● DATASET RECORDS:
····················

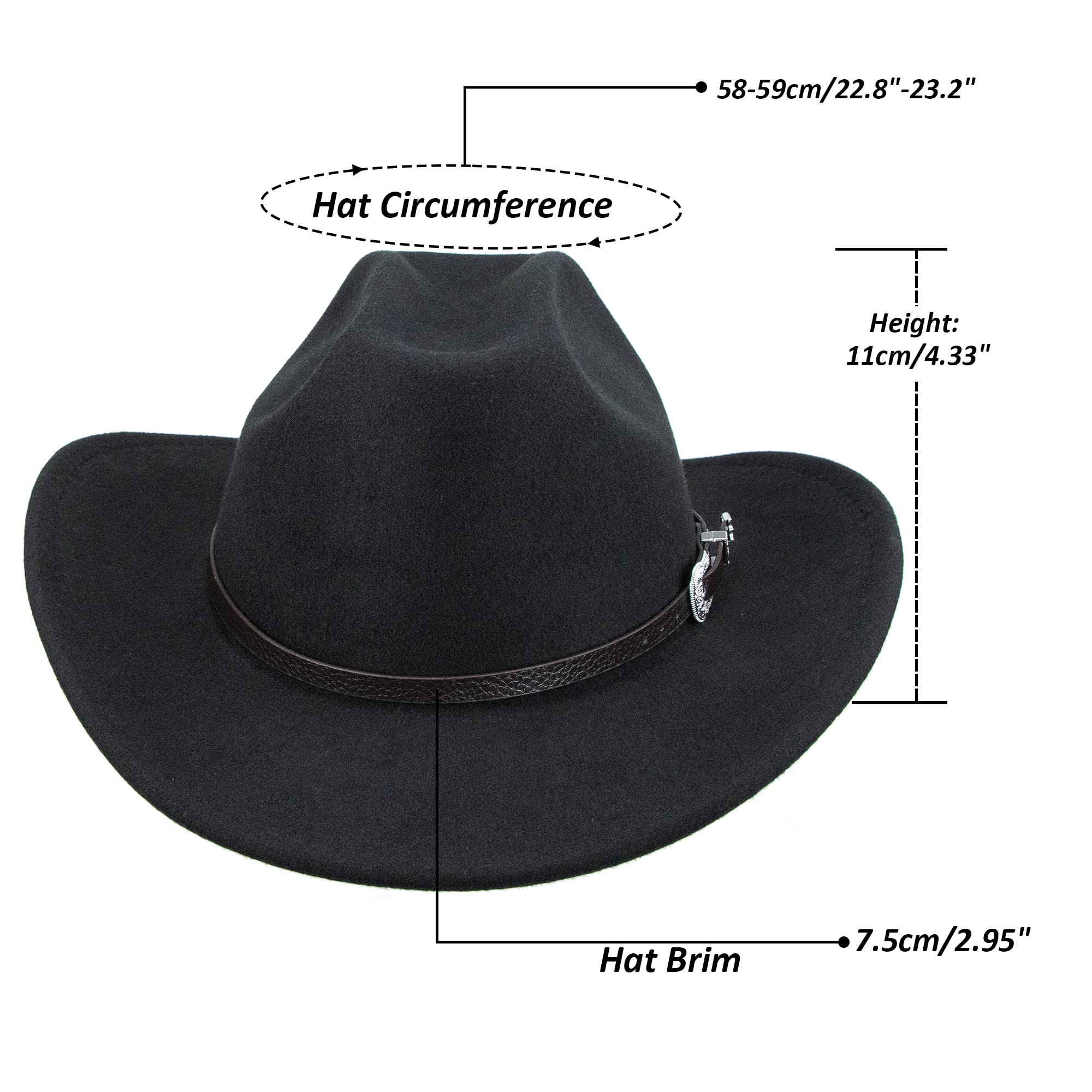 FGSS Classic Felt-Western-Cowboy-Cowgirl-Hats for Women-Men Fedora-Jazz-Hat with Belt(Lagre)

····················

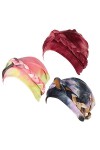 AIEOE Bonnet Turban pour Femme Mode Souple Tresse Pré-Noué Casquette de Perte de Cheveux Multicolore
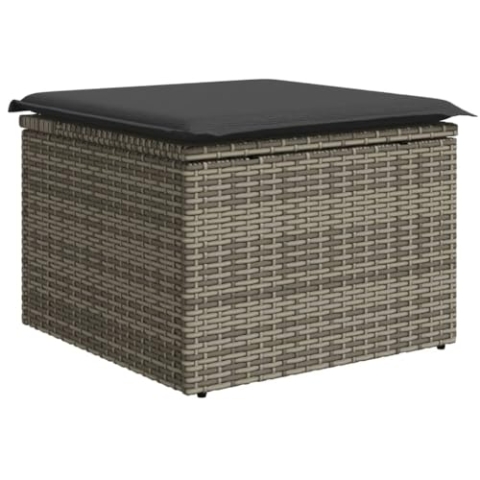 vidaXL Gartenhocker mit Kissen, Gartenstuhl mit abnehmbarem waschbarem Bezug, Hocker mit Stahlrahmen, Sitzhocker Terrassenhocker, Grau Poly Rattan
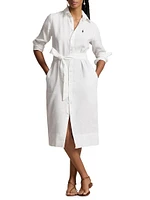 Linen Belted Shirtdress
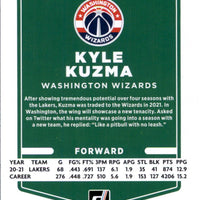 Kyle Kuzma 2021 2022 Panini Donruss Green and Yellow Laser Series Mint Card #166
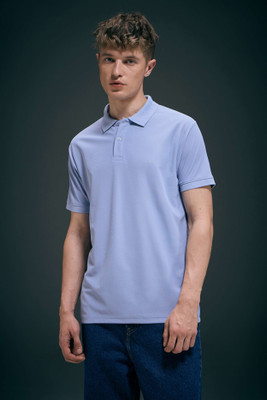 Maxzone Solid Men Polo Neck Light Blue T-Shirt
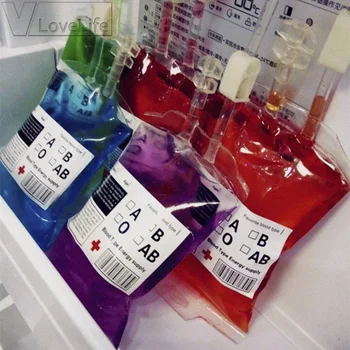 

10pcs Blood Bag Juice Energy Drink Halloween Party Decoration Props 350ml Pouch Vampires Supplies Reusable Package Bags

····················

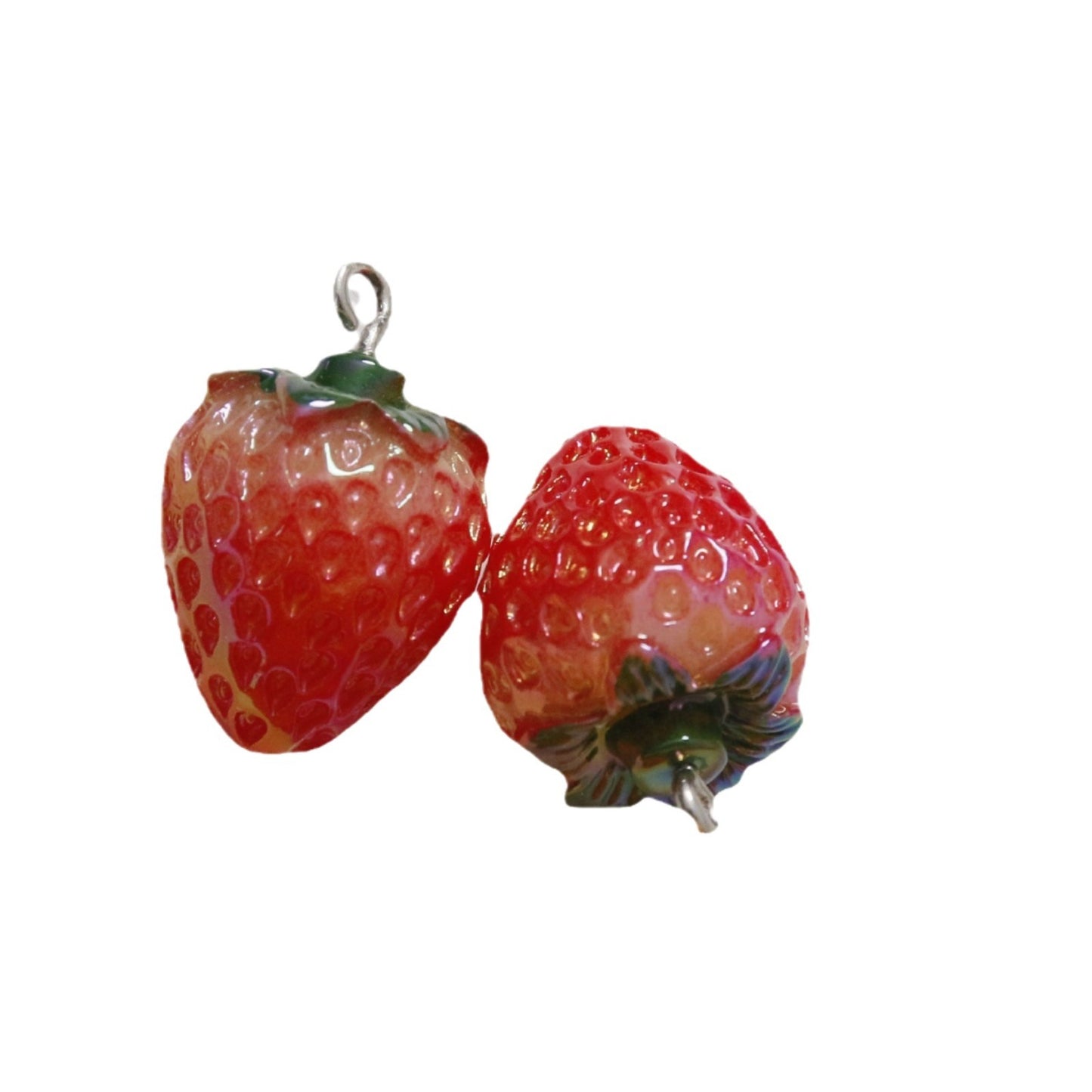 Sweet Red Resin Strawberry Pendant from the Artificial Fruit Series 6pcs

····················

Give back the exact lines above, running from the one that has "Kyle Kuzma 2021" through the one that has "10pcs Blood Bag", with nothing added and no pictures.

● RESPONSE:
 Kyle Kuzma 2021 2022 Panini Donruss Green and Yellow Laser Series Mint Card #166
 Maxzone Solid Men Polo Neck Light Blue T-Shirt

10pcs Blood Bag Juice Energy Drink Halloween Party Decoration Props 350ml Pouch Vampires Supplies Reusable Package Bags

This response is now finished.